More along this line follows in our next installment of this, next week.

4 thoughts on “The Beatles, Everywhere

  1. Steve E.

    It’s been pointed out in other places that as impressive as this chart dominance was, it was possible only because Capitol kept punting on the group in 1963 and the labels that did pick up those songs got little traction from them. So by early 1964, when the sudden demand for Beatles songs exploded, all of those earlier recordings were instantly available, and thus, the incredible clogging of the charts. So the frustration the Beatles and their people felt over the lack of interest in the U.S. for most of 1963 ended up benefiting them hugely by early ’64.

  2. Yah Shure

    “Vee-Jay is said to have gone under in 1964 partly because it couldn’t keep up with the demand for Beatles records.”

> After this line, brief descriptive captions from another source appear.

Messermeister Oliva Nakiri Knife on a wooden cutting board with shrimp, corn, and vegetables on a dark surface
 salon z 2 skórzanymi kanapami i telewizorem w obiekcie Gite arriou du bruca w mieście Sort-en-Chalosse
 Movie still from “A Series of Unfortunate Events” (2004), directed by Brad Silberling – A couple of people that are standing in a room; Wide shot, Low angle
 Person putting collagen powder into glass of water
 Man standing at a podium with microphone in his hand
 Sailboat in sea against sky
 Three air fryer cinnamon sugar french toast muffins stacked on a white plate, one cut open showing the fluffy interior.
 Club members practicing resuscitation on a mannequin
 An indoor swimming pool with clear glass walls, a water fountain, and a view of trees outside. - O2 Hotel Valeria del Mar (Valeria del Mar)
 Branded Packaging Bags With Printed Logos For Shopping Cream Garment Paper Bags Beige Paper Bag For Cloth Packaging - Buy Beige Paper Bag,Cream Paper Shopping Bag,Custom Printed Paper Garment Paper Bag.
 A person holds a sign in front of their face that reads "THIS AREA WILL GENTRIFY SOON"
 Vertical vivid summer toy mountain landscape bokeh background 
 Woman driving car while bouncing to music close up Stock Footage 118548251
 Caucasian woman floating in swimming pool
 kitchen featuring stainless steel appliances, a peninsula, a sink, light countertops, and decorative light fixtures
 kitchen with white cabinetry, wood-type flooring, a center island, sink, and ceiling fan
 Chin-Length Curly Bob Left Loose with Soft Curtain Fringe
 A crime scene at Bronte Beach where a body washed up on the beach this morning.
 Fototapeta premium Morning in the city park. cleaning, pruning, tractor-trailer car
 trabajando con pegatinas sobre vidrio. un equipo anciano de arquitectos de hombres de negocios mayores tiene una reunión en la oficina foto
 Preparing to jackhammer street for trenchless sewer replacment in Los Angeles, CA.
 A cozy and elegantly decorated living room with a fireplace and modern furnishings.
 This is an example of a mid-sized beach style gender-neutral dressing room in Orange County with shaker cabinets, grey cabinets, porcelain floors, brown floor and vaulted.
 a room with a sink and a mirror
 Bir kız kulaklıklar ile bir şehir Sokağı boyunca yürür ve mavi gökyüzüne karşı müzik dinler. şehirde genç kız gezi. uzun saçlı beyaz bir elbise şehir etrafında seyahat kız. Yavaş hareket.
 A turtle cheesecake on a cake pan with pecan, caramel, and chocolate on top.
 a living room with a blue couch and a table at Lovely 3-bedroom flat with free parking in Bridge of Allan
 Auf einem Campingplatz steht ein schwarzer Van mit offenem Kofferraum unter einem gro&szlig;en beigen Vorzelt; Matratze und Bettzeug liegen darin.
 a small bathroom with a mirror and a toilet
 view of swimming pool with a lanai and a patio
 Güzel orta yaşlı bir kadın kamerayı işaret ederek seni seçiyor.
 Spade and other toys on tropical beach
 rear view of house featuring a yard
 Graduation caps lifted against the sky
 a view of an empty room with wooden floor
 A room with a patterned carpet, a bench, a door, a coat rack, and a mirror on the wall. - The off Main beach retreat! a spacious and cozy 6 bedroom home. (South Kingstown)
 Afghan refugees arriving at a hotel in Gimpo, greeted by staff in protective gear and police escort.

    I don’t think so. Vee-Jay closed its doors in 1966, but it was the accounting practices and gambling habits of company president Ewart Abner that put the label in a precarious financial position during 1963. Fearing the consequences of still being under contract in the event of a possible label collapse, the Four Seasons sued and fled, EMI canceled Vee-Jay’s Frank Ifield and Beatles licensing agreements and the planned release of ‘Introducing The Beatles’ was put on hold, all before the end of the year. After Capitol opened the floodgates with “Hand,” Vee-Jay dusted off its Beatles catalog to generate some desperately-needed cash. Once Beatlemania firmly took hold, even Capitol couldn’t keep up with the demand at its own pressing plants (my “Hand” and “Yesterday” Capitol 45s are both Decca pressings.) Capitol’s solution: a third plant in Jacksonville, Illinois.

    Dick Clark’s ownership interests in Swan Records and Mallard Records (the Philly plant that pressed for Swan, Cameo-Parkway and other labels) had been divested by the end of 1960, as per ABC-TV’s insistence in the wake of the payola scandals.

    Those were great times to be a top-40 listener. I was aware of the Beatles buzz at school, but hadn’t made the connection yet. So I asked my older sisters about them:

    “Who are these Beatles I’m hearing about?”
    “You know the song, ‘I Want To Hold Your Hand’?”
    “Yeah, I like that one.”
    “It’s by The Beatles”

    The light that came on that day has never dimmed.